Il mondo consumato come una candela

Ogni anno il Natale ci pone di fronte al nostro bisogno di simboli. Il mercato se ne prende gioco mentre fa di tutto per autoalimentarsi e mantenere al potere le élite che lo governano: vendere cose che non esistono (migliaia…

Tratto da Altreconomia 111 — Dicembre 2009

Ogni anno il Natale ci pone di fronte al nostro bisogno di simboli. Il mercato se ne prende gioco mentre fa di tutto per autoalimentarsi e mantenere al potere le élite che lo governano: vendere cose che non esistono (migliaia di contratti futures su barili di petrolio virtuali, ad esempio), far passare per affari i rischi altrui (come i famigerati derivati, o tanti altri prodotti di finanza speculativa), spacciare i sogni (come i mutui subprime o le carte di credito), venderci cose già nostre (come l’acqua), svendere servizi pubblici che funzionano, costano poco e tutelano i diritti, per far guadagnare i privati (per poi abusare della parola “liberalizzazione”, come se questa avesse a che fare con la libertà).
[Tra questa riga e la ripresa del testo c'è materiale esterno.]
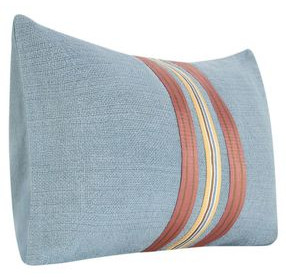 Boardwalk Breton Blue and Brown Rectangular Accent Pillow Set of 2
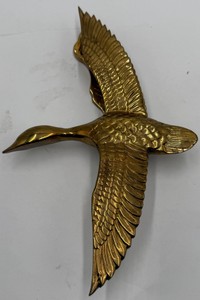 Vintage Brass Flying Duck Door Knocker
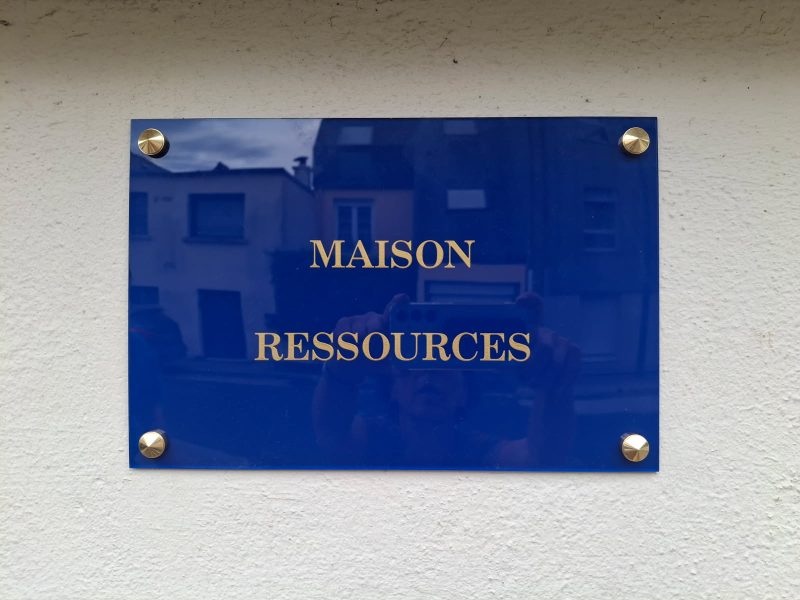 Plaque La Maison Ressources Angélique Des Nétumières Psychologue Rennes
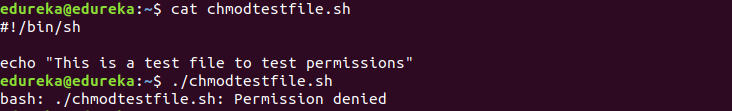 chmod permission denied - Linux Tutorial - Edureka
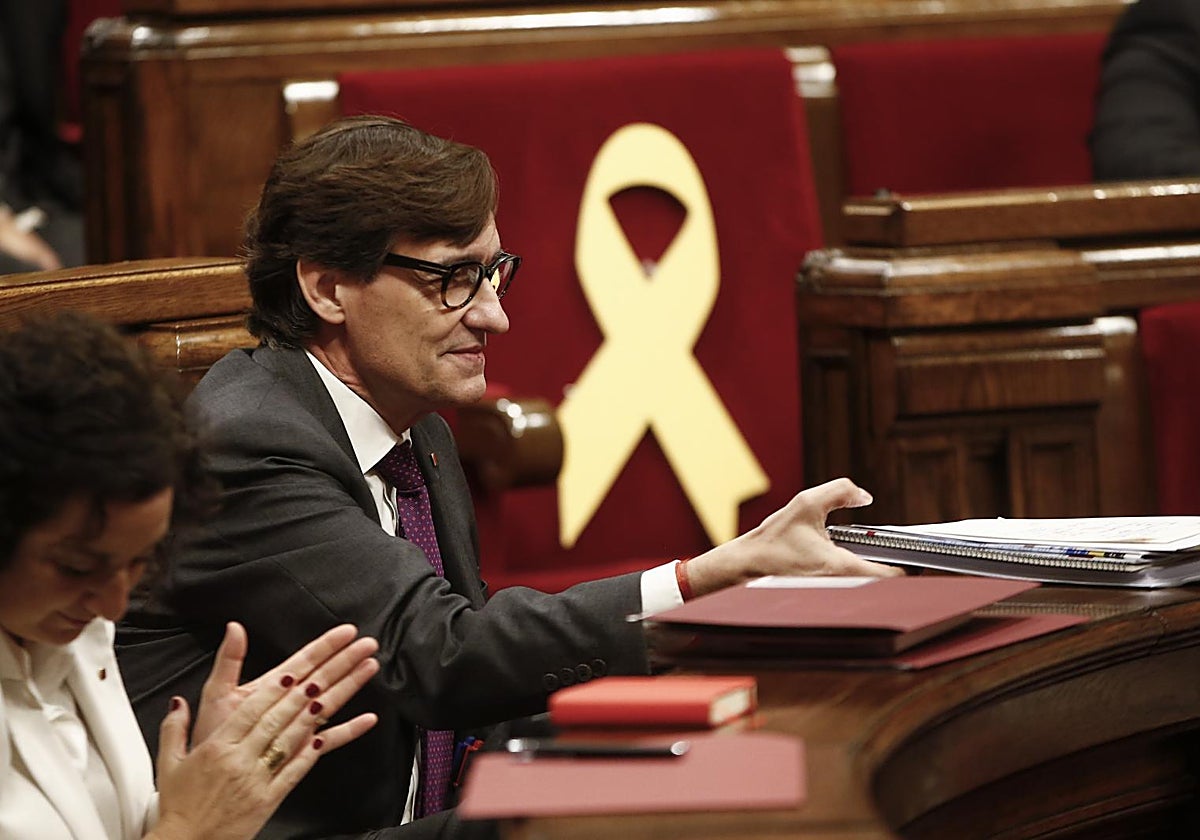 Illa, durante la sesión de control en el Parlament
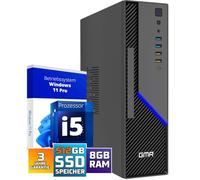 GMR Ultra Slim i7 Office PC, Computadora de Oficina de Negocios, garantía de 3 años, 32 GB RAM, 1000 GB SSD, DVD±RW, USB 3, Windows 11 Prof, WiFi Bluetooth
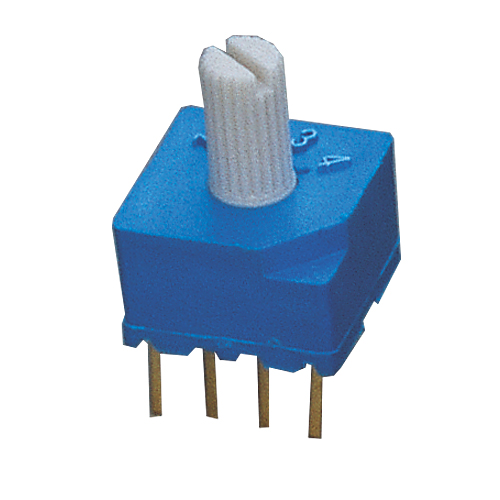 Nidec Components S-2050, 4 Position, BCD SP4T Rotary Selector Switch, 100 mA, Pin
E il mercato ci riempie di oggetti sapendo bene che ce ne libereremo il prima possibile (è l’obsolescenza programmata di cui parliamo da pagina 8). Lo spreco indotto dal mercato, quello che vediamo ogni anno a Natale, è un’arma di distruzione di massa che devasta il pianeta. Eppure la ripresa dei consumi è idolatrata come il dio che ci porterà fuori dalla crisi. O, almeno, da questa, in attesa di una nuova.
Ecco, noi non utilizziamo più gli oggetti. Noi li consumiamo, noi consumiamo il mondo proprio una candela come si consuma, simbolo votivo molto più natalizio di qualsiasi albero.
Al mercato noi vorremmo per una volta contrapporre simboli e significati. Già negli anni 70 e 80 lo psicoanalista americano James Hillman sosteneva che molti dei problemi psicologici della modernità nascono dal degrado dell’ambiente e dalla sua “povertà simbolica”. Quella della società dei consumi è una vana fuga dagli dei (Adelphi, 1991): tutti abbiamo bisogno di un ordine simbolico ed è pura illusione farne a meno, sostituendo i simboli con gli oggetti neutri del consumo. Gli oggetti non sono neutri, la trasformazione dell’ambiente e del paesaggio ha conseguenze dirette sulla nostra umanità sociale e psicologica. Scrive Hillman, citando Jung: “Gli dei sono diventati malattie. La causa dei nostri malesseri non sono immaginarie, bensì immaginali”. E per questo, dobbiamo riscoprire anche il senso della parola. “Con le parole -scrive ancora Hillman- noi possiamo modificare la realtà; possiamo far esistere, possiamo plasmare e modificare la struttura e l’essenza stessa del reale. L’arte della parola diventa modalità primaria per far muovere la realtà”. Ma se le realtà ultime sono solo gli oggetti, le cose, gli eventi materiali -cose morte, fuori da noi- allora il discorso non ha più alcuna efficacia. Flatus vocis, parole vuote, fiato sprecato.
Il consumismo, che ha il suo idolo -non il simbolo- nell’albero di Natale (carico di rifiuti in realtà, come quello che abbiamo messo in copertina) ci ha ammutolito.
In nome del mercato è stato fiato sprecato il vertice Fao sull’alimentazione di novembre, che avrebbe potuto contribuire a salvare milioni di vite umane. Fiato sprecato sarà probabilmente il vertice sul clma di Copenhagen, annichilito prima di iniziare dalle posizioni cinesi e americane. Riprendiamoci la parola, e con essa le nostre responsabilità.